Wirkung: Mucuna-Bohnen enthalten drei bis sechs Prozent L-Dopa, die direkte Vorstufe von Dopamin. Das ist kein sekundärer Pflanzenstoff mit vager Wirkung, das ist ein Parkinson-Medikament in einer Bohne.
Eine indische Vergleichsstudie zeigt, dass Mucuna-Pulver bei Parkinson-Patienten schneller wirkt und besser verträglich ist als synthetisches L-Dopa plus Carbidopa. Die Bioverfügbarkeit der pflanzlichen L-Dopa-Form scheint durch begleitende Alkaloide modifiziert zu werden.
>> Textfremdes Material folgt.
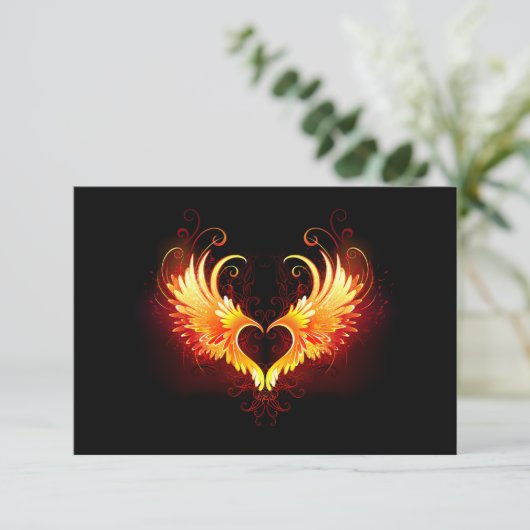 Carte Angel Fire Heart with Wings (Debout devant)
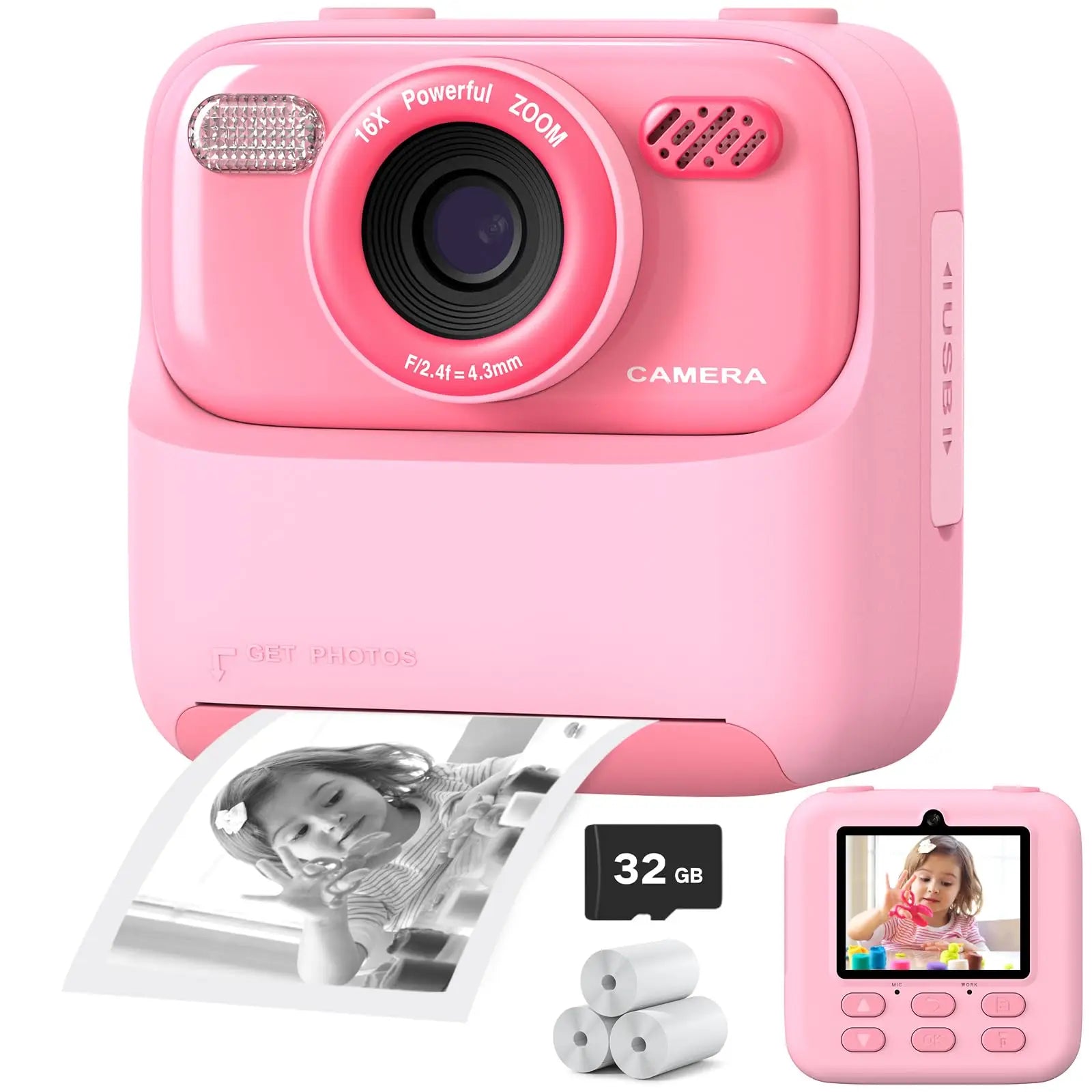 Câmera Infantil AMORUS Instantânea 1080P HD – Dual Lens, Selfie, Impressão com Papel e Cartão 32GB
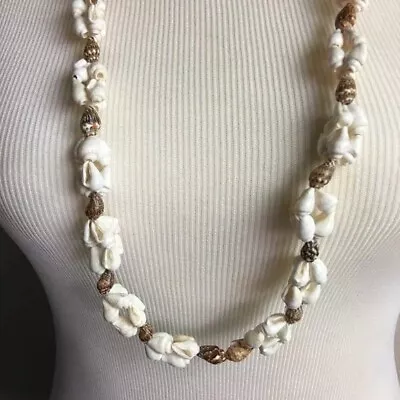 Cream Brown Shell Bead Beach Mermaid Coastal Necklace Beaded Drilled Shells • $9.84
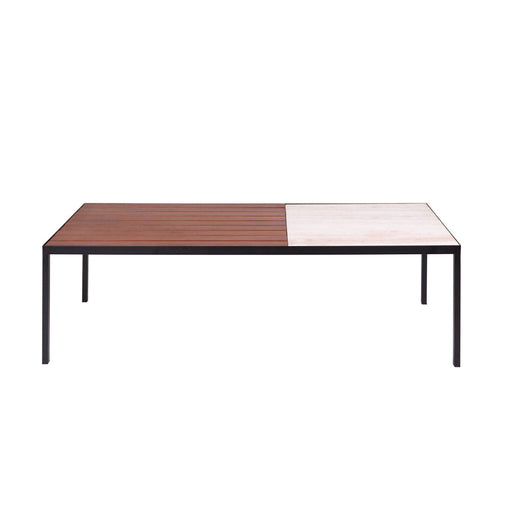 Bench beige marmer teak hout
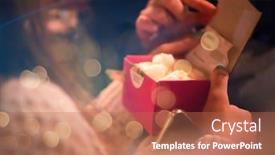  Presentation with christmas party - Amazing presentation design having christmas-and-new-year-office backdrop and a coral colored foreground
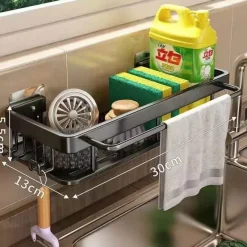 Tom Küche & Esszimmer-Abtropfgestell für Küchenspüle aus Aluminium – Schwamm-Organizerkorb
Das Biohacker-Marketing verkauft Mucuna als Motivations-Booster für Gesunde. Das ist pharmakologisch riskant. Chronische Dopamin-Vorläufer-Supplementierung bei normalem Dopaminspiegel kann die Rezeptordichte herunterregulieren und eine iatrogene Dysregulation erzeugen. Die Bohne ist für Parkinson-Patienten ein Geschenk, für gesunde Optimierer ein schlecht verstandenes Risiko.
Parkinson-Medikament als Lifestyle-Supplement. Die Zielgruppe ist falsch.